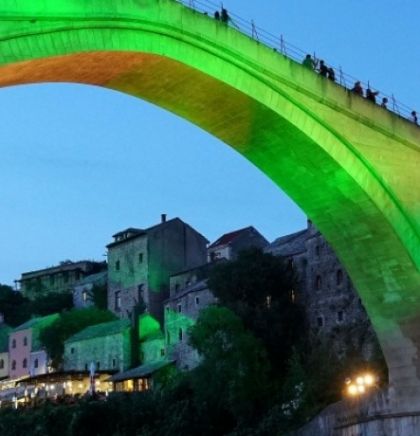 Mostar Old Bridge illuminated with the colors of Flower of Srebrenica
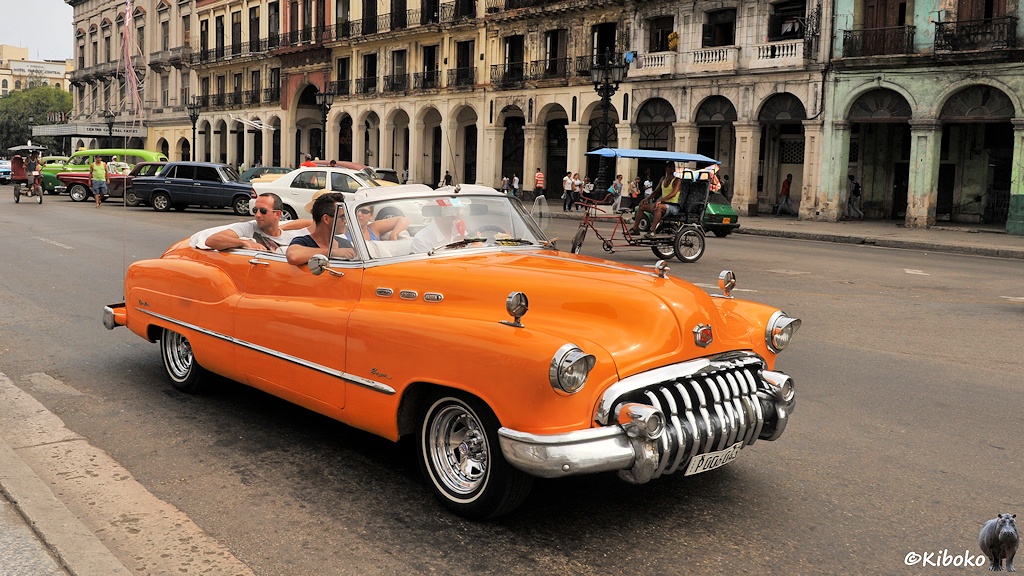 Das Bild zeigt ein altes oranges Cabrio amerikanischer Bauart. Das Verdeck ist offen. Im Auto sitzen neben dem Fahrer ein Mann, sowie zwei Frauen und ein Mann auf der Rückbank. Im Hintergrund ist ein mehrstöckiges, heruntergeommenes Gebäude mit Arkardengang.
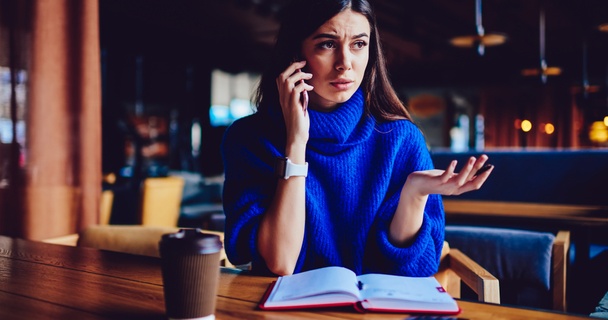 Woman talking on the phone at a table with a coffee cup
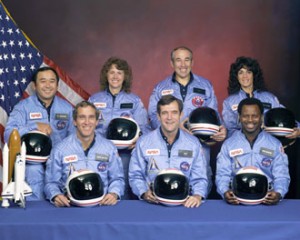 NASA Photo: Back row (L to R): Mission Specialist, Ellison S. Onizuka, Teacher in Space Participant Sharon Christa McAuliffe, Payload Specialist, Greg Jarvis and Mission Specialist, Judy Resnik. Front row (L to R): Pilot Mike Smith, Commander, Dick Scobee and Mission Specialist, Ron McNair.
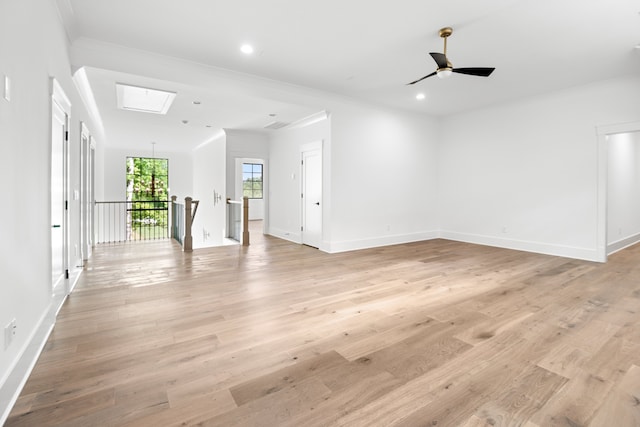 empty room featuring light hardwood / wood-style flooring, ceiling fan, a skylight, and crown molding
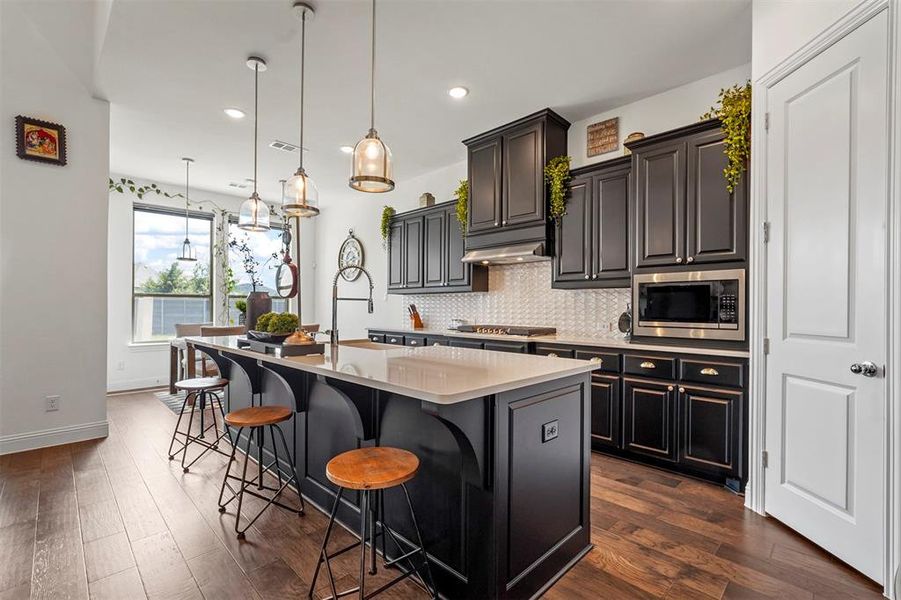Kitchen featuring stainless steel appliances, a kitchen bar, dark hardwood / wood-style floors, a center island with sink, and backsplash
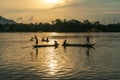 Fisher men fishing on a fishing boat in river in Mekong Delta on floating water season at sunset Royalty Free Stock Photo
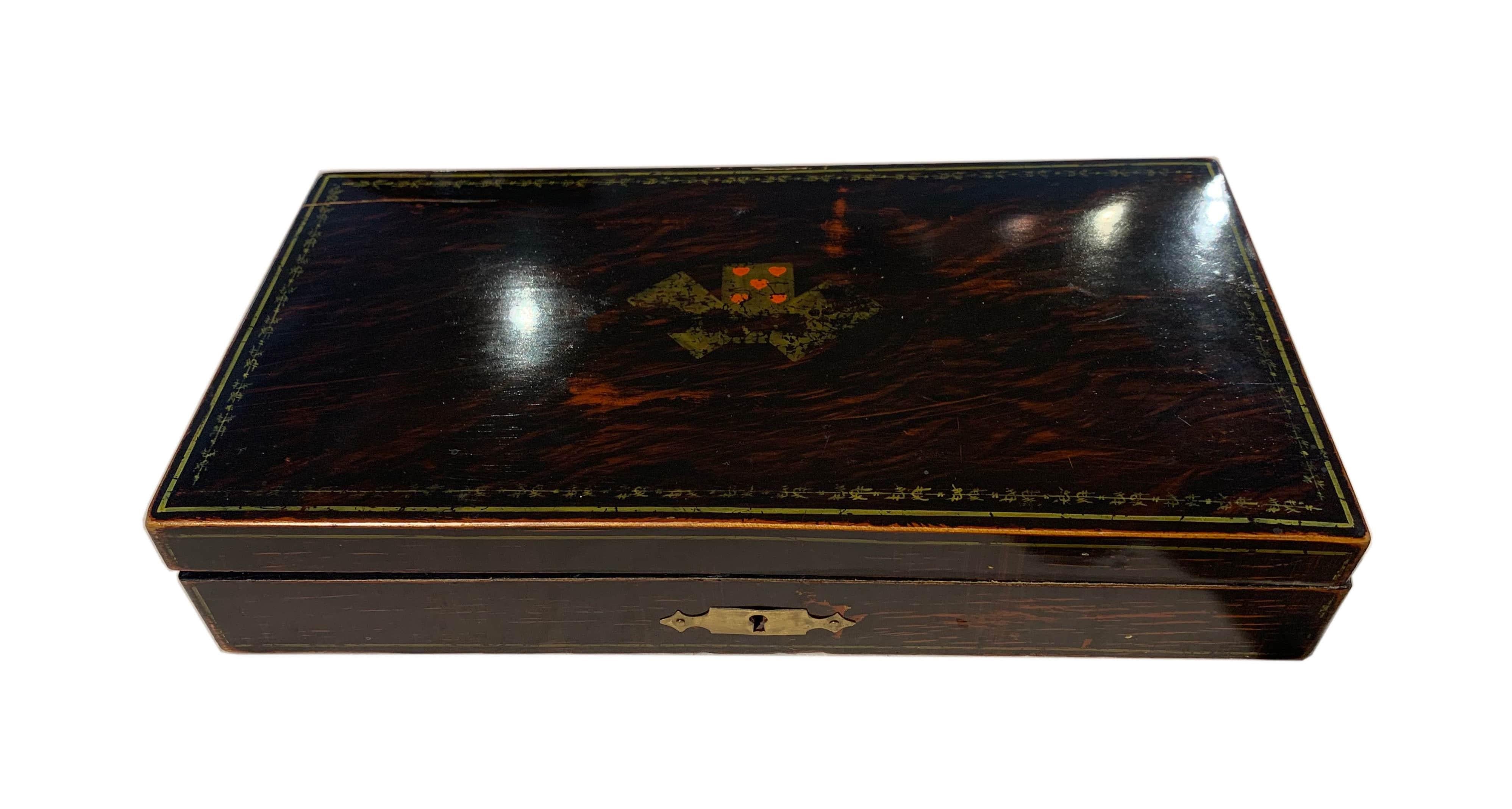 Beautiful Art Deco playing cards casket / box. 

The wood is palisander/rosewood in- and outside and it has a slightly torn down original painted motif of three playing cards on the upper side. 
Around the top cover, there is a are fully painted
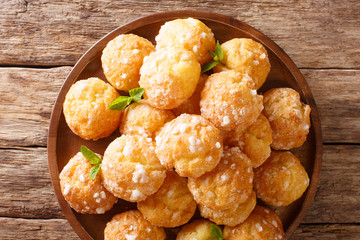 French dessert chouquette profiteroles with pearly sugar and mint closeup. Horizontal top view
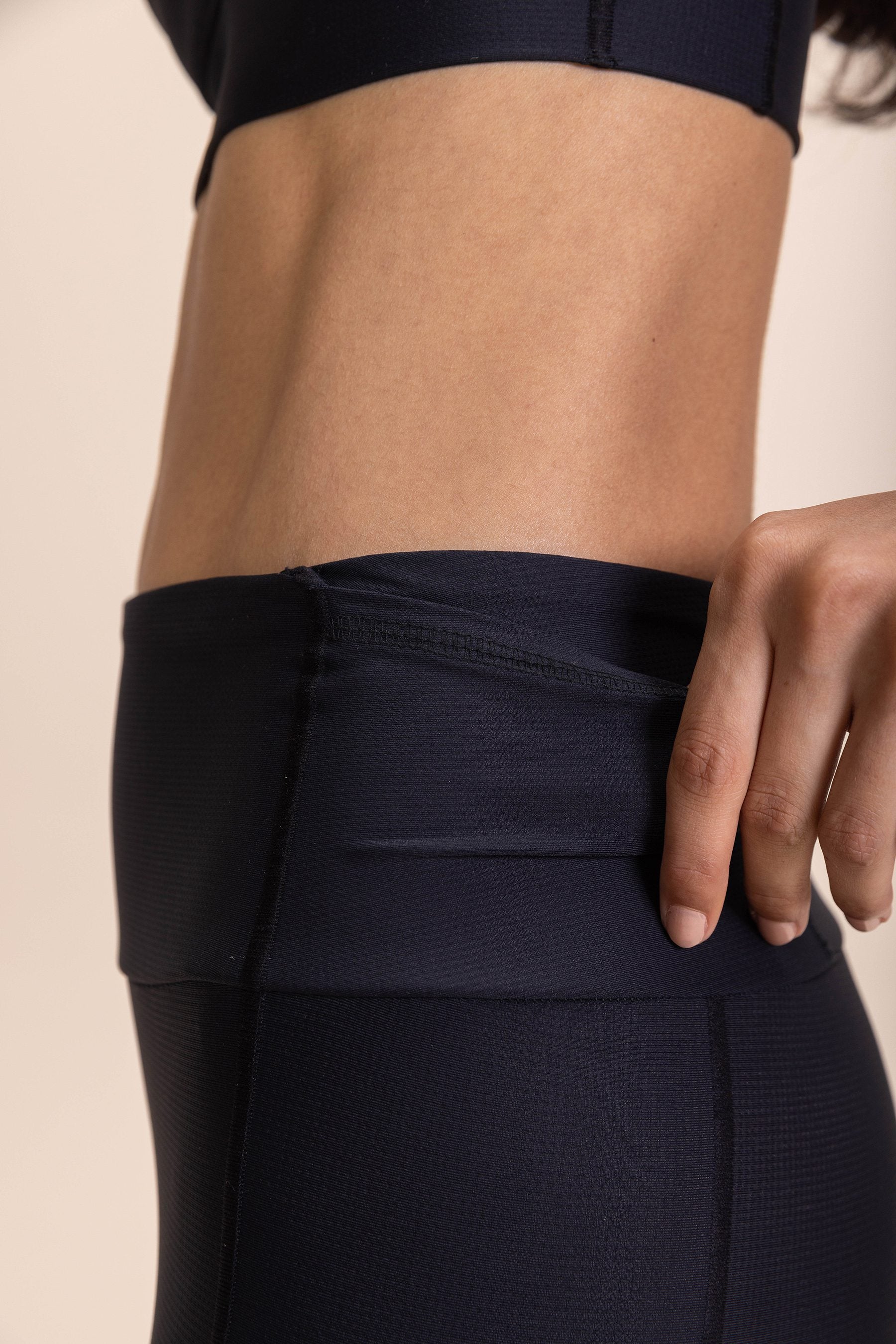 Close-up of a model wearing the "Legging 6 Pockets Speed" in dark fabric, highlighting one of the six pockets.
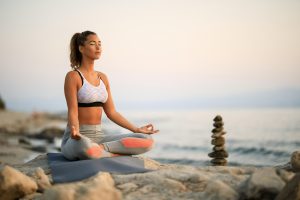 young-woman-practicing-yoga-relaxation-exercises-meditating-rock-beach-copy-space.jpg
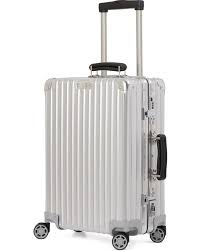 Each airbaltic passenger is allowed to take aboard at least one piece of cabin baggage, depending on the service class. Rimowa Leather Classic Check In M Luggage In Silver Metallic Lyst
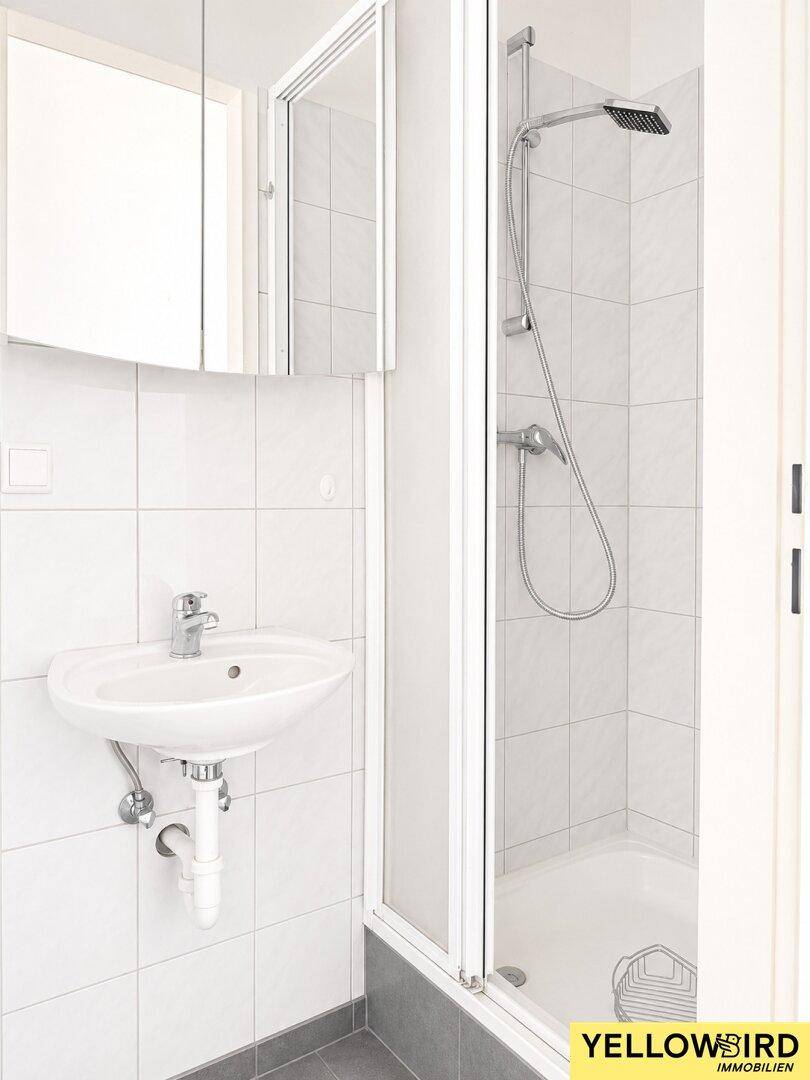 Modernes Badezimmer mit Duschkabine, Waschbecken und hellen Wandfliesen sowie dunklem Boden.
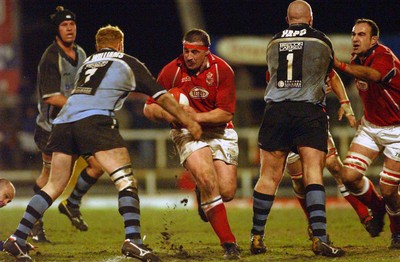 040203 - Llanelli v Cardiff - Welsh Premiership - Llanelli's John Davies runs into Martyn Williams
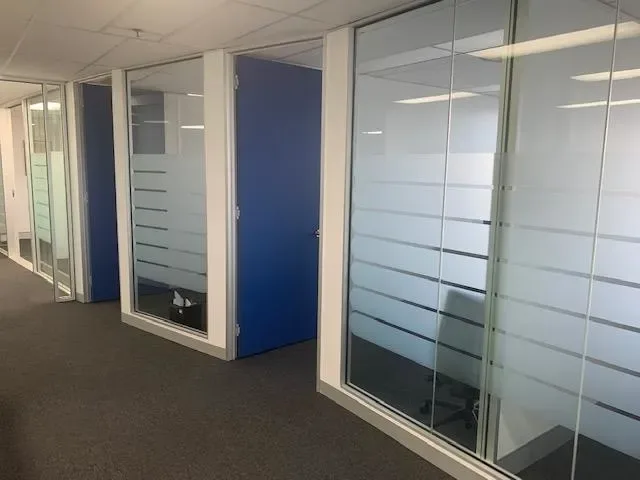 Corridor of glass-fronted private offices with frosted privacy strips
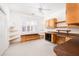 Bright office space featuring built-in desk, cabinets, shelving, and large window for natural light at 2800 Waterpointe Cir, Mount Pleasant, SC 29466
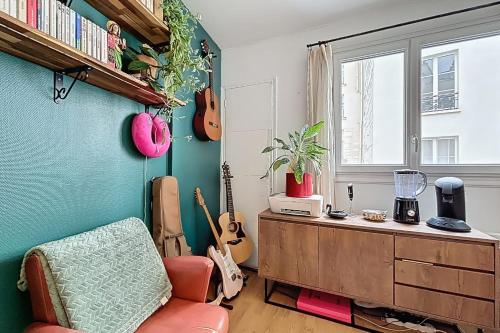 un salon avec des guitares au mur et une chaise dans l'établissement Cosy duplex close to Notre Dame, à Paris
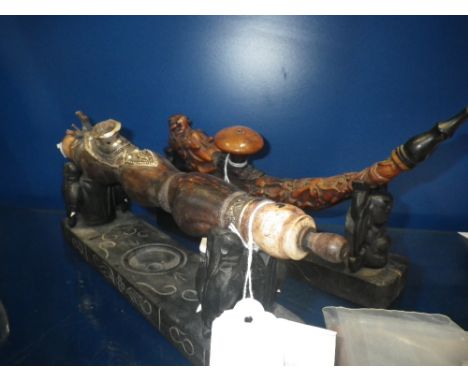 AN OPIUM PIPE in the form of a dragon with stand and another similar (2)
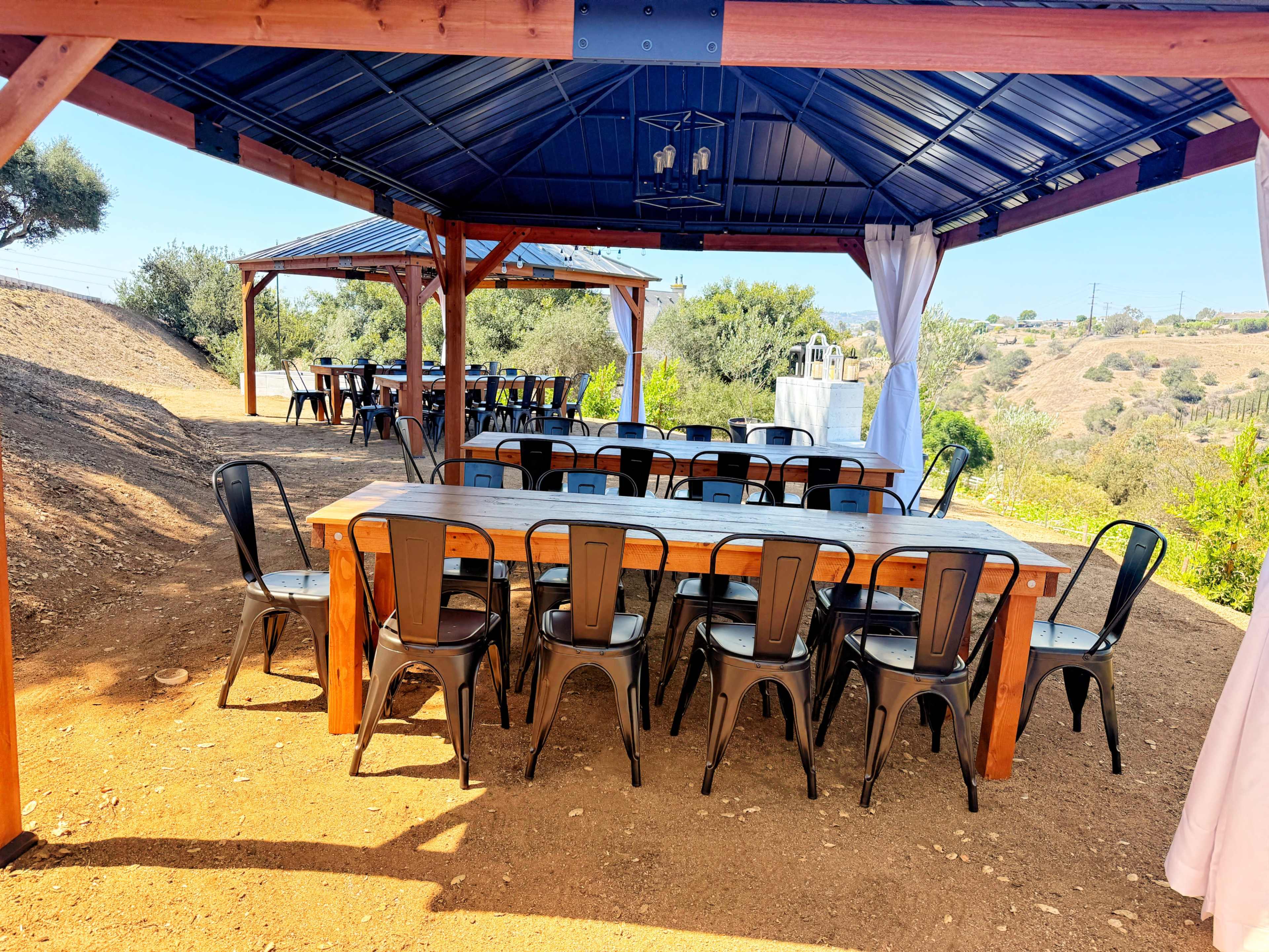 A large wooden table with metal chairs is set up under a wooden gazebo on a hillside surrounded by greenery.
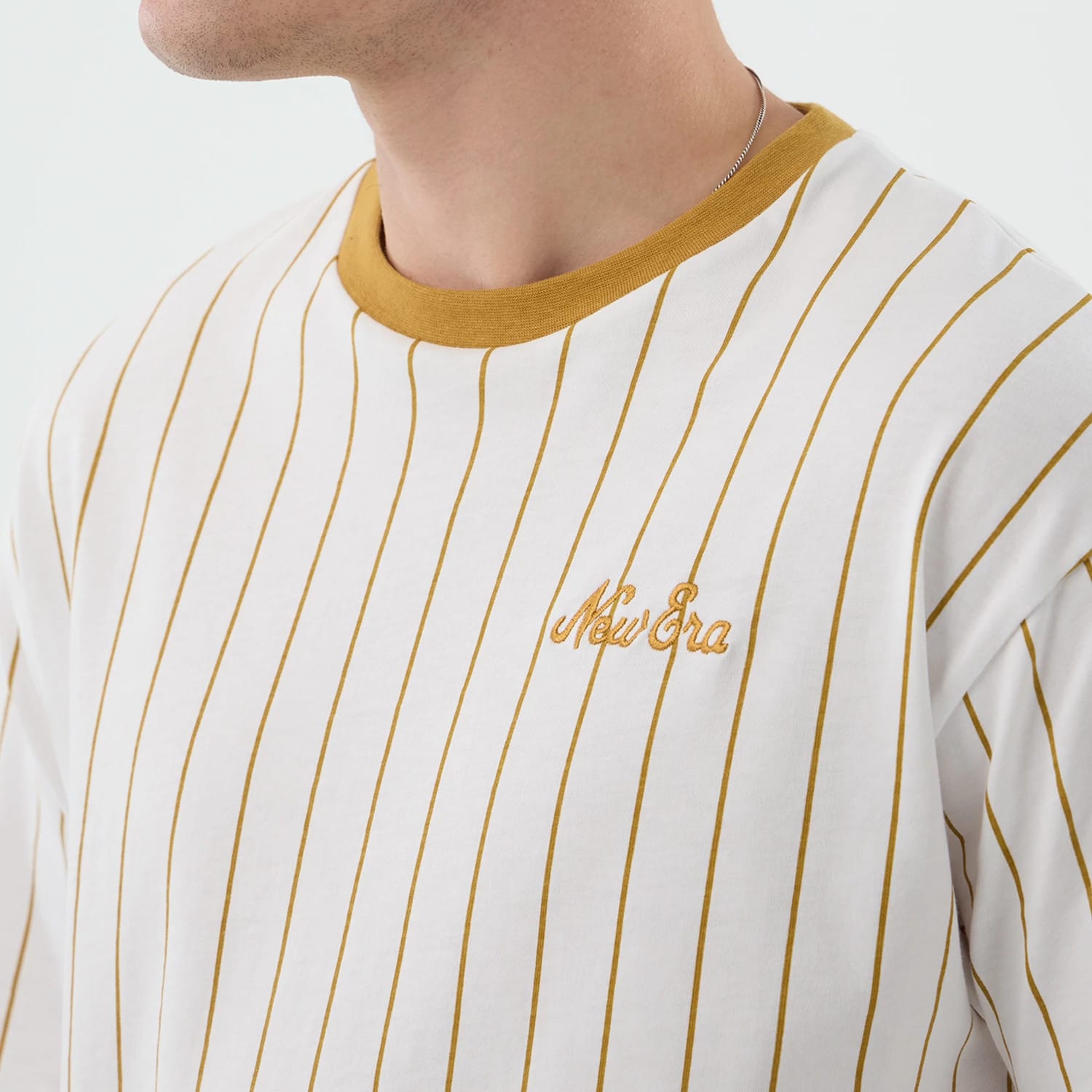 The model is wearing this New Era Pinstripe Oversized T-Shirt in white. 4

*PROBLEM DETAILS:* Only one part of the material above is wanted: the lines from the one with "Around the top" up to and including the one with "Each airbaltic passenger". Please copy them exactly, pictures left out.

*RESPONSE:*
Around the top cover, there is a are fully painted
 French dessert chouquette profiteroles with pearly sugar and mint closeup. Horizontal top view
 Close-up of a model wearing the "Legging 6 Pockets Speed" in dark fabric, highlighting one of the six pockets.
 young-woman-practicing-yoga-relaxation-exercises-meditating-rock-beach-copy-space.jpg
 Each airbaltic passenger is allowed to take aboard at least one piece of cabin baggage, depending on the service class. Rimowa Leather Classic Check In M Luggage In Silver Metallic Lyst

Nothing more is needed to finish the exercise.